そこには売店も自販機も、そして、トイレすらない。
客席も、改修に縁がなかったのか、ほとんどの場所に草が覆い茂り、なんとも淋しい感じである。
だが、しかし。
見晴らしはとても良いのである。
そう、あの素晴らしさは、メインゲートより延々と歩いた者だけにしかわからないのだ。
もし、これからの耐久レースシーズンに鈴鹿へ観戦に行かれる方には、スプーンカーブへ行ってもらいたい。
確かに遠い。そして不便だ。
しかし、そこに辿りつけば、その素晴らしさはわかってもらえるはずだ。それは保障する。
できれば、レースが行われている最中に移動してもらいたい。スプリントレースならともかく、耐久レースでは一箇所に留まることはあまりよろしくないと思う。ぜひともいろいろと歩いて、今まで見たことのないコーナーへ行ってもらいたい。
レース中の移動を薦めるのには理由がある。
ヘアピンからスプーンまでの周回路、特に2輪シケインのあるあたりからスプーンカーブの間はコースのすぐ脇に周回路がある。

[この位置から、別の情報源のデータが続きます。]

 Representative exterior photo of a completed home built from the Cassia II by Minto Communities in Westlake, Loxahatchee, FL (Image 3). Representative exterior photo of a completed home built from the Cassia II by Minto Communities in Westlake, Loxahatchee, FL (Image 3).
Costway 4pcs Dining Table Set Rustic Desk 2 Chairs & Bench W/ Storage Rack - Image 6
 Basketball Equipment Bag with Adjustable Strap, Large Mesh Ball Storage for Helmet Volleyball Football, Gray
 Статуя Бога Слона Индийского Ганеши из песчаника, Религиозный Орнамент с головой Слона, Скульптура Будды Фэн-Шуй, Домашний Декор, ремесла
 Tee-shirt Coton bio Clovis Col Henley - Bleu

おそらく、鈴鹿の中でいちばんコースに近い場所なのだ。
残念ながら、当然フェンスが設置されているし、そのほとんどには黒い幕が掛かっていて走行を見ることができない。通路が狭いために、そこで観戦させないようにするためなのだろうが、ちょっとそれは惜しいところである。
しかし、ところどころで幕が切れている場所もある。
そこから見える光景というのは、岡山のダブルヘアピンあたりと遜色ない。まるで自分の方向にマシンが迫ってくる感じなのだ。ヘアピンからの加速でスピードも乗っているから、岡山で見るよりも迫力は感じられるのではないだろうか。

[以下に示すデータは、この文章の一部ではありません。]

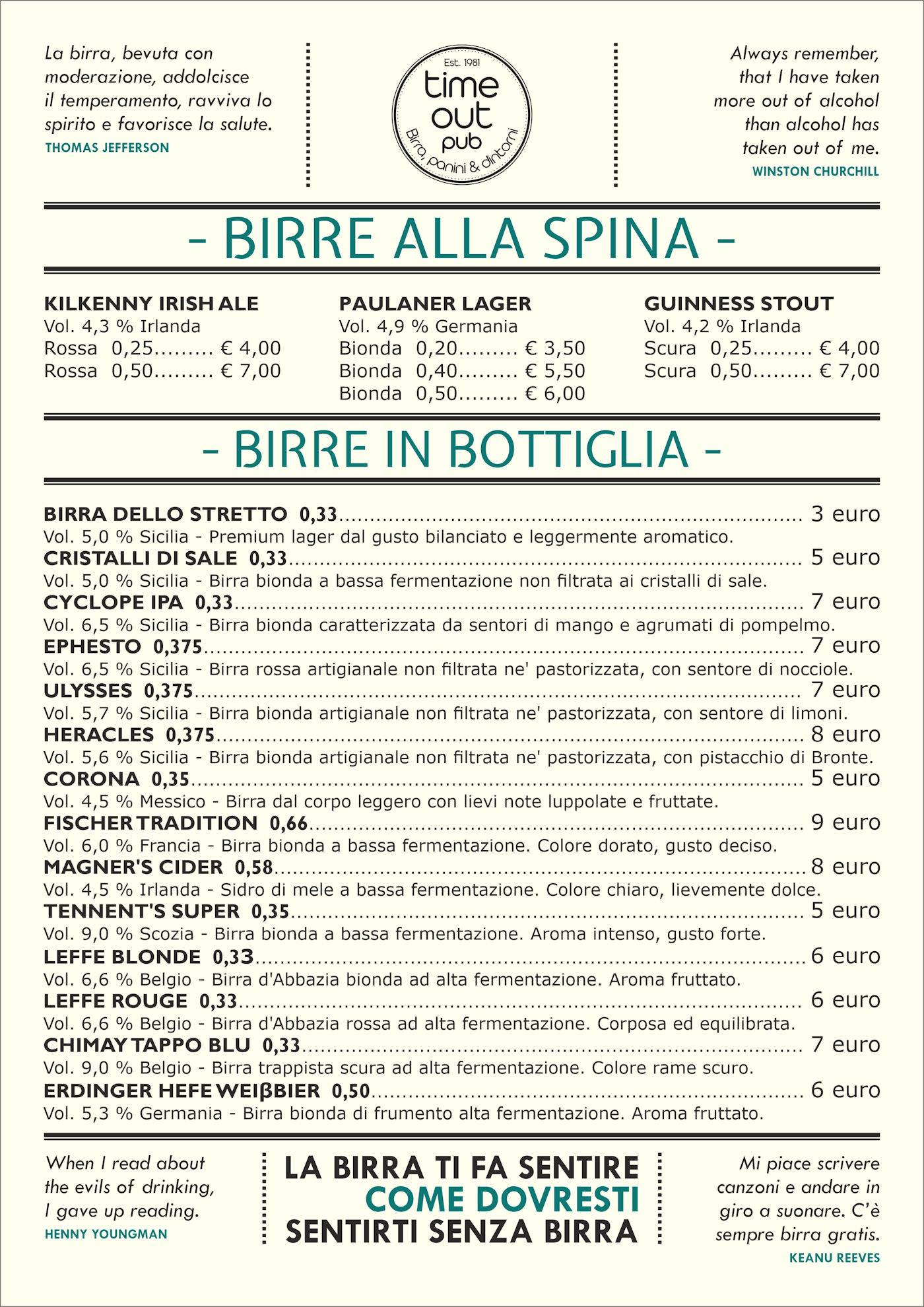Menu di Time Out Pub 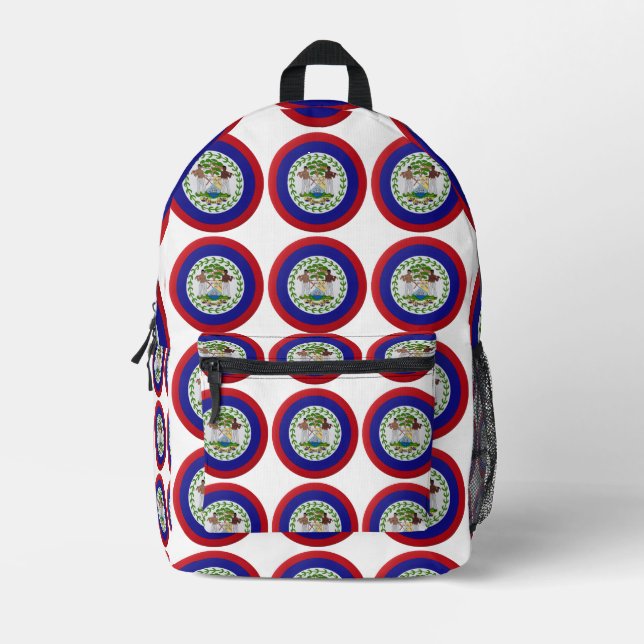 Belize Flag Printed Backpack (Front)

幕がかかっている部分では走行は見れないが、全開で走り抜けるエギゾーストを、コースの真横で聞くことはできる。僕としては、ぜひともこの音を歩きながら体感していただきたい。
この部分、ランオフエリアも周回路側にはほとんどないから、フェンスを隔てた自分の真横をマシンが通過する形になるわけだ。
その迫力を一度経験していただきたいものである。